As Jack said though, as long as you enjoy the sound, that is what really matters...


----------



## ajinfla (May 10, 2009)

Hi Shanty,

You'll have to forgive me, like Fred Sanford said, I'm a big dummy. Maybe the biggest on the site.
So I'm having difficulty figuring out what your difficulty is, much less question(s)?
My search of "HK 3700" yielded this http://www.harmankardon.com/estore/hk/us/products/HK-3700/HK%203700_HK_US?skuId=HK3700AM_HK_US&searchMode=regularProductOnly...which appears to be a brand spanking new *stereo* receiver (Availability: Pre-order and expected to ship on 03/13/2014 :scratch.
You mention center channels and lots of other stuff. What am I missing here? It there another "H/K 3700" somewhere, or...

cheers


----------



## Savjac (Apr 17, 2008)

Shanty said:


> Wow, not heard of it, really worse. .


My mistake Shanty, I have indeed Heard OF all the equipment you mention, especially the HK processor, my statement was to show my ignorance as to having heard the electronics and the speakers playing TOGETHER, that....I have no experience with.

More often that not, when you put good equipment together you will get good sound. One day you may wish to improve on it, but good sound is still good sound.

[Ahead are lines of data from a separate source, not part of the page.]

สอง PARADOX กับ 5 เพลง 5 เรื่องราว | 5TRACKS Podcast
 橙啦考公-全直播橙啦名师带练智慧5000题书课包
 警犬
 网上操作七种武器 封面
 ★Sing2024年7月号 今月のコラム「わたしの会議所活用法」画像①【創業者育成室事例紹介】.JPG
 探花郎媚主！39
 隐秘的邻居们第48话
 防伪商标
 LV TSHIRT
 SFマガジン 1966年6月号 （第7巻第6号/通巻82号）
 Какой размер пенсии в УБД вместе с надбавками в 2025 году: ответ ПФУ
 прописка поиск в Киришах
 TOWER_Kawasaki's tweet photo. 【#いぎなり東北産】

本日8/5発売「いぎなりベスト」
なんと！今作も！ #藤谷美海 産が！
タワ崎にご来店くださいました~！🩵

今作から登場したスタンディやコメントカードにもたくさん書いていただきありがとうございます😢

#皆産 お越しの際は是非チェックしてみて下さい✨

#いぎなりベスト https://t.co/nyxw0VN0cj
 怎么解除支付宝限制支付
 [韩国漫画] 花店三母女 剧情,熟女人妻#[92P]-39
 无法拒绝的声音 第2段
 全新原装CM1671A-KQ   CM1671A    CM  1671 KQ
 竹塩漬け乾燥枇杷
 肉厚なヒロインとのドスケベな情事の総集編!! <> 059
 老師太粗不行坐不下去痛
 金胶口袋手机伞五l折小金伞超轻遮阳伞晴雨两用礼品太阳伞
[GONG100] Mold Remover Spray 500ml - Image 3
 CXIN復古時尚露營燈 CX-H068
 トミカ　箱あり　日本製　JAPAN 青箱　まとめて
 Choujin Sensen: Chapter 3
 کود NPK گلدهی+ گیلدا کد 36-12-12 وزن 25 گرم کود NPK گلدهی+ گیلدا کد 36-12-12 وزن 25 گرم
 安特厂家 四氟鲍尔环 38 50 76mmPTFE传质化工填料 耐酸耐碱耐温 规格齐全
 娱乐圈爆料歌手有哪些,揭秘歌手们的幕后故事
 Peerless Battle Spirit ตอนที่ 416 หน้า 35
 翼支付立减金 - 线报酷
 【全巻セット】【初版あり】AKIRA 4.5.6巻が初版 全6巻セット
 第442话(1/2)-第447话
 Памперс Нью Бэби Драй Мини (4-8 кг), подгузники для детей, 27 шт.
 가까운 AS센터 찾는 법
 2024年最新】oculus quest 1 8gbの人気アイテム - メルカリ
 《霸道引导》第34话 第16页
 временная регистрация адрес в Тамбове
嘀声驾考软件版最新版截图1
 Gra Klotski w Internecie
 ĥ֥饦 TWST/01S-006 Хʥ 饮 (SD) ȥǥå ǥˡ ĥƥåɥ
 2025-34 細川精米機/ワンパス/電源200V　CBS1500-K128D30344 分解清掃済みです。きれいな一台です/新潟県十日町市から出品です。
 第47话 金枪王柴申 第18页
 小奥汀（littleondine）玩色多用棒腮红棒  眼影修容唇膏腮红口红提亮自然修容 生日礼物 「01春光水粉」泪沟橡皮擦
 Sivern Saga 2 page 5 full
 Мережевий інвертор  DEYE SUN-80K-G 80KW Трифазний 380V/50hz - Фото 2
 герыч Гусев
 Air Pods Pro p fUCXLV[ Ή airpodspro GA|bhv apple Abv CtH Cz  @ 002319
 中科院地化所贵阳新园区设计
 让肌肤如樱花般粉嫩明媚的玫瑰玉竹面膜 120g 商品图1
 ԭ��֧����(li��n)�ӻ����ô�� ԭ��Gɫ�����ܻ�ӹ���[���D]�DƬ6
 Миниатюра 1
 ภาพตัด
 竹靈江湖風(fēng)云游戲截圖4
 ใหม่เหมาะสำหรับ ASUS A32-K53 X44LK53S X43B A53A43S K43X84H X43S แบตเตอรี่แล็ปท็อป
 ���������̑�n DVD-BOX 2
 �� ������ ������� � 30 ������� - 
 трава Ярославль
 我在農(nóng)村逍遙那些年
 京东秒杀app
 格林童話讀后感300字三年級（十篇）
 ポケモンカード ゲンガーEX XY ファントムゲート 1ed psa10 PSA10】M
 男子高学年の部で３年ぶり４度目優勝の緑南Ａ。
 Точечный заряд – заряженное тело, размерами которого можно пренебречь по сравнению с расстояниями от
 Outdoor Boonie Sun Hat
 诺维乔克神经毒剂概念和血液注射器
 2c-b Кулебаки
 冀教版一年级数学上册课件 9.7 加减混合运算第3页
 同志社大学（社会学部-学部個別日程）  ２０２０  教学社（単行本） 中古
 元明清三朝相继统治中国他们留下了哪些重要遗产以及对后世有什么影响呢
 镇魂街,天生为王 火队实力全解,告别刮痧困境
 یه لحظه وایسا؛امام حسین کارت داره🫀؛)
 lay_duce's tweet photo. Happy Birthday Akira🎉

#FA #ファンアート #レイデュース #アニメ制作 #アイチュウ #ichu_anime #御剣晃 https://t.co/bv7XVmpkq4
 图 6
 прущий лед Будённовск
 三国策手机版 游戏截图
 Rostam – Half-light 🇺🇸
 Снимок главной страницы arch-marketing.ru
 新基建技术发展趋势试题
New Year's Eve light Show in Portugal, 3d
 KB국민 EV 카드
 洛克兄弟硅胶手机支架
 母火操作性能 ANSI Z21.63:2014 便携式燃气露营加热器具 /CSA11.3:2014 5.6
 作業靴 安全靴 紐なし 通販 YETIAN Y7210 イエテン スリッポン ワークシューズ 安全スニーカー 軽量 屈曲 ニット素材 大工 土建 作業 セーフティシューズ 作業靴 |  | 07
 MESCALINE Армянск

Now to the next part that AJ mentioned, you do ??? realize this is a stereo receiver, not a home theater receiver in that it is made for Two (2) playback and will not have center or surrounds or HDMI inputs ??? AJ is also correct in that it is not yet released.
Might you have something different in mind and posted the wrong number ? If not you may wish to return the Stereo HK Receiver for a HD surround sound processor receiver.


----------



## nova (Apr 30, 2006)

Jack, AJ,
Yes, you are missing something. Harmon Kardon AVR 3700 is a 7.2 channel home theater receiver.

Shanty,
What you've put together certainly looks like a pretty nice set-up. I have not heard those speakers either but they are pretty efficient and paired with that HK receiver, I would expect your system to perform pretty well.


----------



## Savjac (Apr 17, 2008)

Thank You Nova, when I typed in HK 3700 it came up with a 2 channel receiver. My apologies :dontknow:


----------



## ajinfla (May 10, 2009)

Thanks Mark, makes sense now.
Shanty, I don't see anything to be concerned with, looks like you've assembled a nice little system there.
Unless you hear something terribly amiss, don't worry about how popular an item is. There are too many great choices out there. I have two HK AVRs, one from around '04 and the other '07 iirc. Both still going strong. Nary an issue. My current AVR is a Yamaha, but I know of no reason to be concerned about the HK you have.

cheers


----------



## Tweaked05 (Sep 19, 2012)

It can be confusing, but there is indeed a difference between the HK AVR 3700 and the HK 3700. Imo, they should have picked a different nomenclature for the stereo receiver.


----------



## Shanty (Jan 23, 2014)

Thank you all, when he said that, I knew I forgot the AVR nomenclature. Yes, while I wish I had stayed up on everything, as I had Nakamichi stuff in the early 80s, surely remember, all those little tool settings. Then remember where you put the bag of tops

Yes, it is indeed this one.
http://www.harmankardon.com/estore/...=AVR 3700_HK_US&searchMode=regularProductOnly

Man, even apologies, what an awesome place. I know, (wife will kill me but slid about 8K in my paypal account, as I am sure, as most of you have, change out parts, as in I do not have the stuff before the receiver, all those pre-amps and amps I have to so catch up on. No doubt, only here shall I look, search and ask!


----------



## Shanty (Jan 23, 2014)

I was just thinking of this as well as a past business owner of a few eCommerce before recent retirement. They are either trying to play off something, semi sinister or just a bad choice. Maybe it will changed to 3600 or something. I think it was definite down intentionally, for what reason, I have no clue.


----------